Materiality is all, body & mind & language, to me. Even the abstractions of language take shape in the body, the brain, the mouth, as air, sound, assume the physical shapes of letters and lines. All molecules, arrangements of atoms, organic constructions and decay – it’s all composition and decomposition. Construction, deconstruction. Language separate from the living body is not possible. Just as the body separate from water and air is not a living body. The more separate language is from meaning (some L*A*N*G*U*A*G*E poetry, for instance), the more we can see its materiality! Just because words sometimes make sense, arrange strings of ideas or abstractions, doesn’t mean they’re any less (literally) elemental and material.
All of your work seems to be driven by a revisionary impulse, particularly challenging dominant ideas about language, women, nature, and genre. Your recent book Five on Fiction demands that we read between the genres of essay, handbook, prose poem, and short story. Do you see your newest work merging the concerns and ways of fiction and nonfiction as you have already managed to merge poetry and fiction techniques?
I guess I think of creative work as an ecosystem, with its organic mergings, overlappings, sequences, arrays, grotesqueries, diversity of structures, richness, decomposition—as a sign of health. No monoculture, please!
At least one Amazon reviewer, in wild praise, called your first collection of stories: “feminist farm stories”. I don’t know about that, but there are beloved cows there and a rat named Ratzafraz and women doing “the work of men”. What do you think when you look back on these first stories, either about yourself then, or the writer you were, or the writer you’ve become, or yourself now?
I was determined to get women outside in fiction, out of the house – walking around, working—as I know them in life. A feminist impulse, but also a vision of the world that shifts nature from “background” in human lives to foreground, the natural world with us, around us, whether men or women, creaturely within a living world. Those early stories were more “realistic,” in the sense of having real characters with names, rather than the more weird and elemental tangles of writing in some later books, where I wanted to make the natural world the characters (Air, Earth, Fire, and Water, for instance, in The Body in Four Parts).
As a farmer/environmental activist/writer–not necessarily in that order–what have you found shared among all these (pre)occupations? I mean, does the craft involved in one or the other have any resonance with the craft of the other?
Absolutely – profoundly shared obsessions, all around: manual labor, air on skin, the elements as us, life and language as mixed physical media…
What’s next? You’ve mentioned that you’ll be happy to have more time to write—what particular projects or subjects are you up for tackling next?

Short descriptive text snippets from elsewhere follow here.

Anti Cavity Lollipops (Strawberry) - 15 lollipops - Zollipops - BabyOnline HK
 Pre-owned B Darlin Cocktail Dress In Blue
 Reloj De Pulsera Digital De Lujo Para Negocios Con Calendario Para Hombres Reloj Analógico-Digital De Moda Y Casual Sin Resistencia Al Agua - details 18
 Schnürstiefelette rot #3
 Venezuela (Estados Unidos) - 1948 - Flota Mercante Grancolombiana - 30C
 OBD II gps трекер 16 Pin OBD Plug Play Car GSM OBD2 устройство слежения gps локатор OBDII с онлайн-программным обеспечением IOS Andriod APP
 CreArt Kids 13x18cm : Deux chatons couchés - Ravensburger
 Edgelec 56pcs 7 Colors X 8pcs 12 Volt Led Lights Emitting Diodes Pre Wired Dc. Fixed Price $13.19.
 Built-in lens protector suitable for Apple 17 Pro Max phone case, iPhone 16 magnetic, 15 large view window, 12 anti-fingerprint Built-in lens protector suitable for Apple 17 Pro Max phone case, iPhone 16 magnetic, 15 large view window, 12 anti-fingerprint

I’ll still be working on how to make language and its structures as much of a match for nature as possible— less & less linear? more layered, or not? a restoration ecology of writing? On the other hand, I expect to do more non-fiction, op-ed ranting on the destructions and losses we can’t seem to quit, and writing on the ecological restorations we’d better get to, and quick.
I admire your work ethic, your writing, your amazing thoughtfulness, and your ability to have fun. How do you seem to stay so happy and to have such a positive outlook?
When all’s lost, all’s destroyed, it’s pretty easy to have a good time! I’m completely pessimistic about humanity as a species, pulling ourselves out of the mess we’ve made of this planet. At the same time, as an antidote and possible rescue, if only for moments, from the horror and brutality we commit, I believe absolutely in the power of creativity to re-invent what it means to be human – creatures who haven’t lost their senses! Who know pleasure, and play, and joy, and peace.